TO DO: The required result is an exact copy of every line from the one with "s Steel and Gold (two tone) Black Dial watch." through the last line below, with the pictures left out.

Brief descriptive captions:
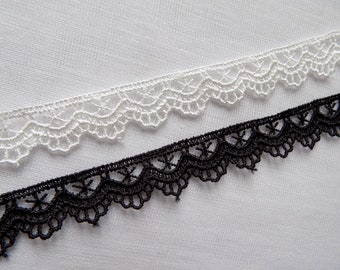 May include: Close-up of two decorative lace trims. One is white, the other is black. Both trims have a scalloped edge design. The lace is set against a white fabric background.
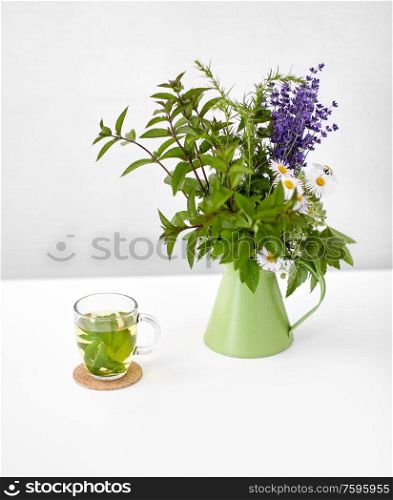 eco and organic concept - herbal tea and flowers in green jug on on white background. herbal tea and flowers in jug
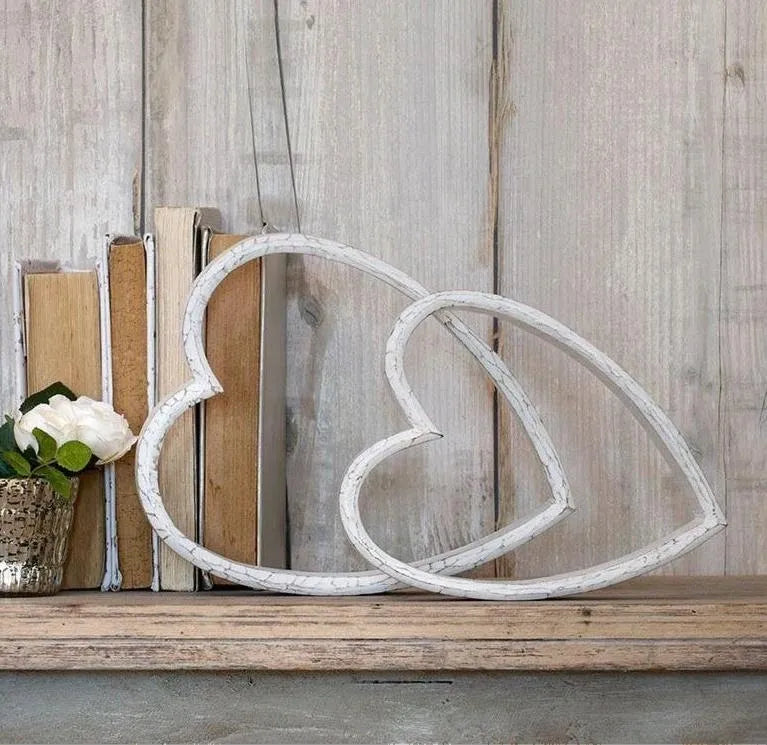 set of two wooden white sleeping hearts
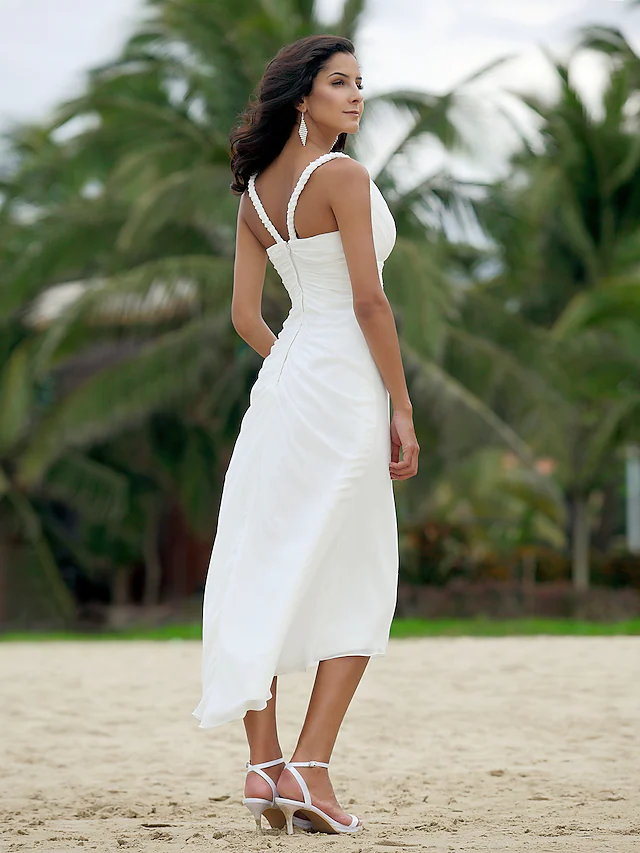 Full length view of the elegant V-neck bridal gown.
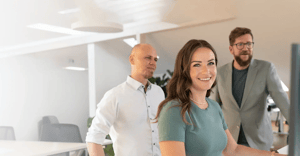 Drei Personen arbeiten gemeinsam am Computer im modernen Büro.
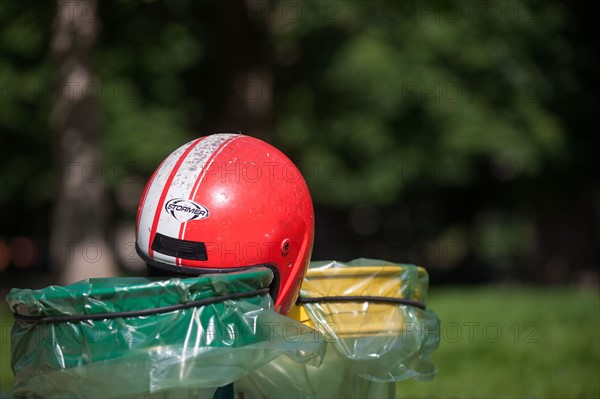 France, Région Ile de France, Paris 8e arrondissement, Parc Monceau, casque de moto rouge posé sur les poubelles vertes et jaunes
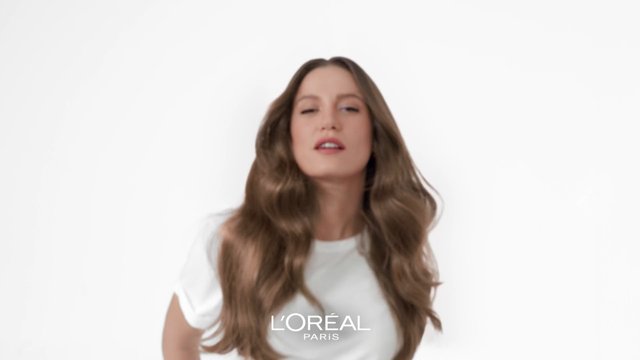 Video Reference: woman, long hair, wavy hair, portrait, white background, beauty, hair care, advertisement, studio, model, fashion, close-up, minimalist, cosmetics, brand logo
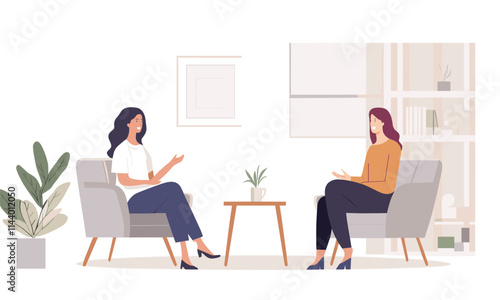 Two women sitting in chairs in a room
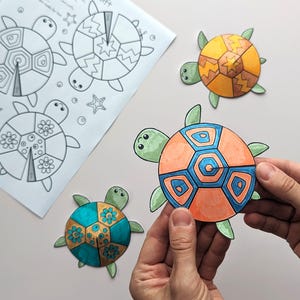 Op de afbeelding: Een kleurplaat met schildpadcontouren en drie afgewerkte, kleurrijke schildpaduitsparingen. De uitsparingen zijn oranje, blauw, groen en geel. Een uitsparing wordt door een persoon vastgehouden.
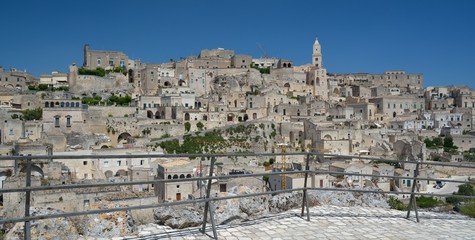 Fototapeta na wymiar Matera is a city located on a rocky outcrop in Basilicata, in Southern Italy. It includes the area of the Sassi, a complex of Cave Houses excavated in the mountain.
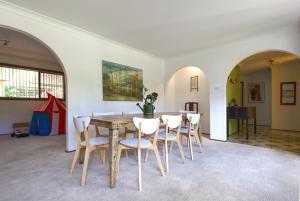 a dining room with a table and chairs at Relaxing at acreage farmhouse in Burrawang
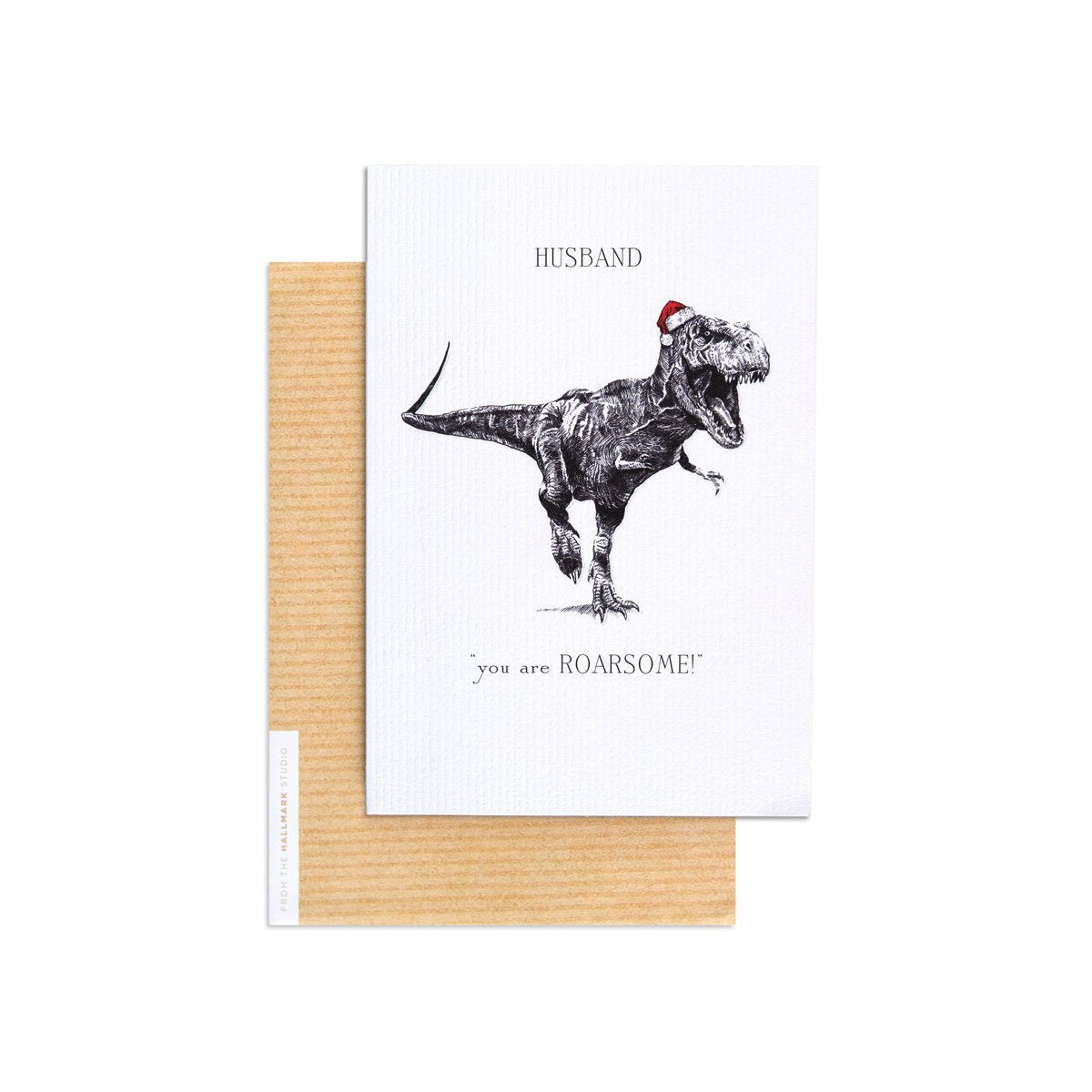 Christmas card for husband - festive T-Rex design with Santa hat, featuring embossed text and kraft envelope on a flat lay.
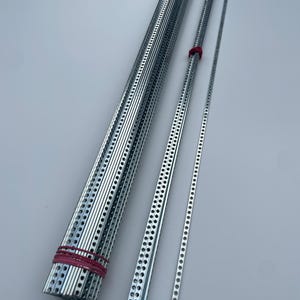 Puede incluir: Un rollo de moldura de metal plateado con agujeros a lo largo de los bordes, y tres piezas individuales de la misma moldura. La moldura se mantiene unida con gomas elásticas rojas.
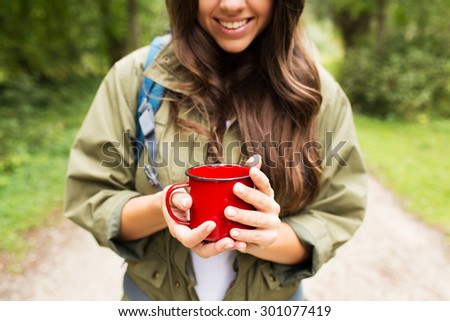 adventure, travel, tourism, hike and people concept - smiling young woman hiker with cup and backpack in forest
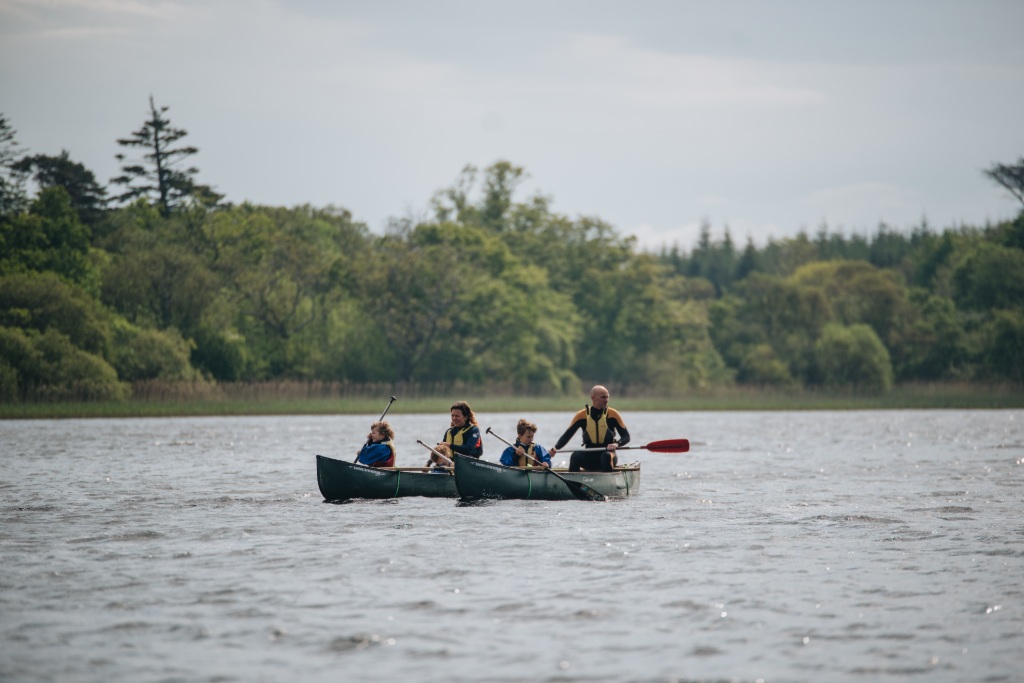Two canoes with a family of five paddle across a lake in County Sligo, with dense forest lining the lakeshore.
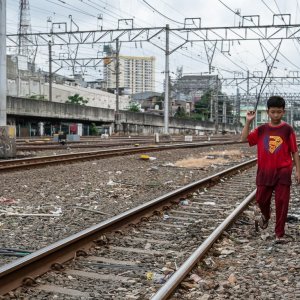 Boy walking beside the railroad tracks, thinking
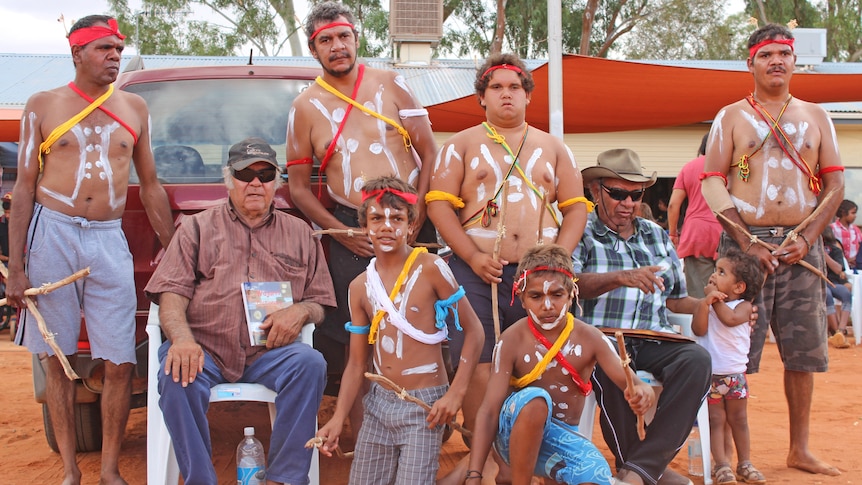 Wajarri dance group and elder with the dictionary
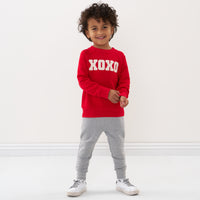 Child wearing a Candy Red crewneck sweatshirt and coordinating jogger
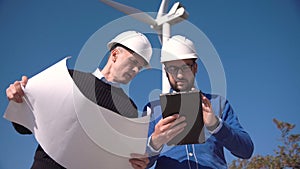 Two engineers discussing a blueprint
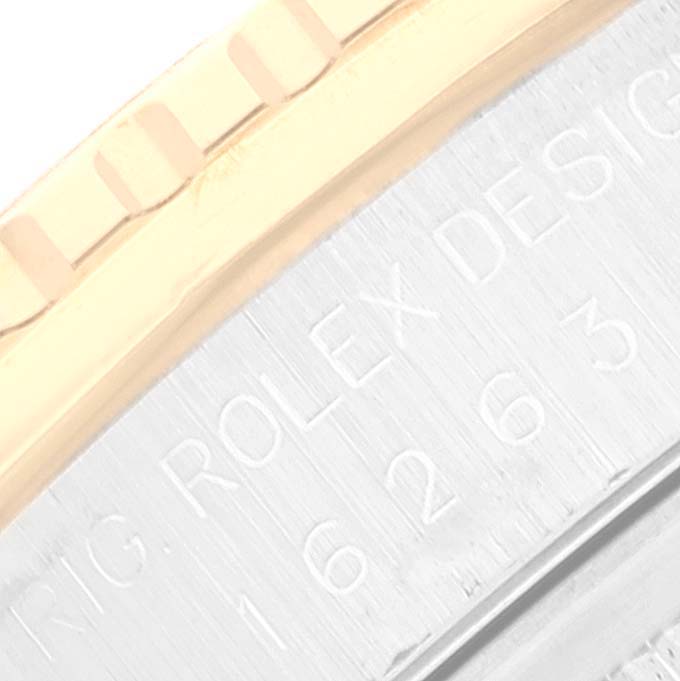 This close-up image shows the engraved details on the case side of a Rolex Turn-o-Graph 16263 Men
s Steel and Gold (two tone) Black Dial 16263 Men
s Steel and Gold (two tone) Black Dial watch.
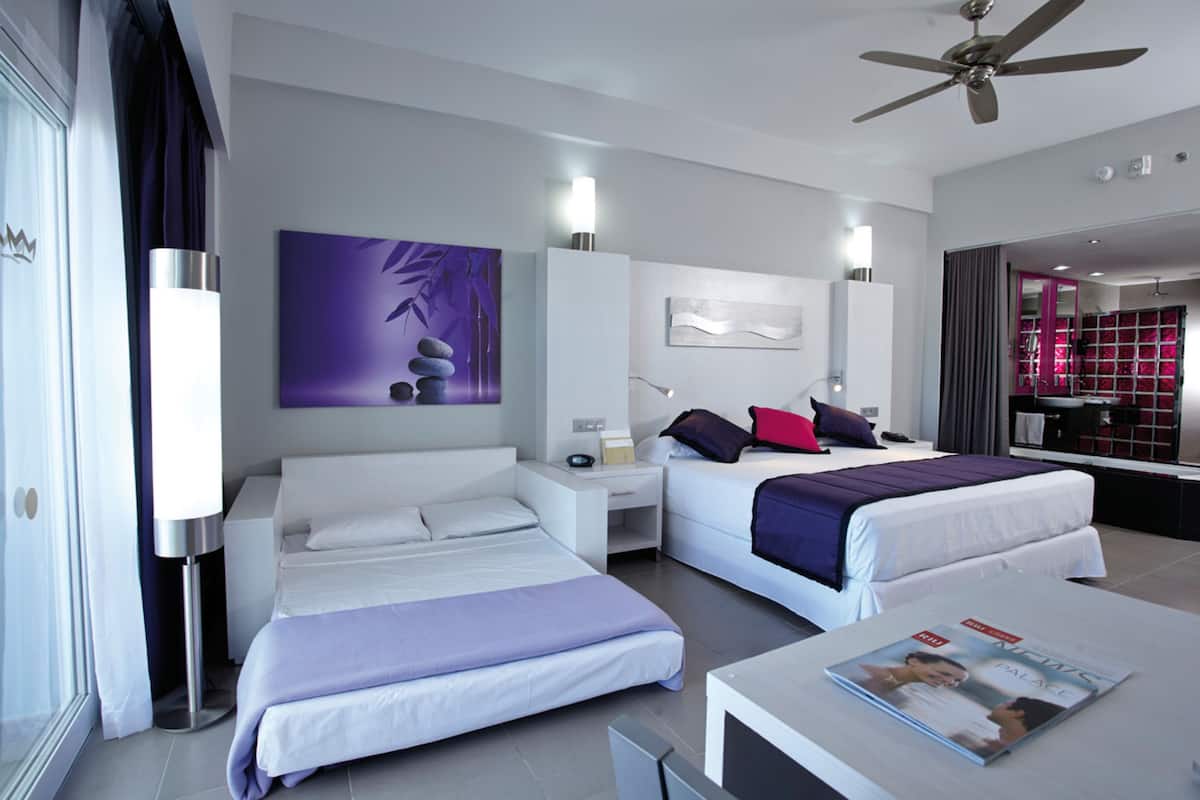 Una habitación de hotel moderna con dos camas, una sala de estar y un comedor.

ANSWER TO THE PROBLEM:
s Steel and Gold (two tone) Black Dial watch.
 Una habitación de hotel moderna con dos camas, una sala de estar y un comedor.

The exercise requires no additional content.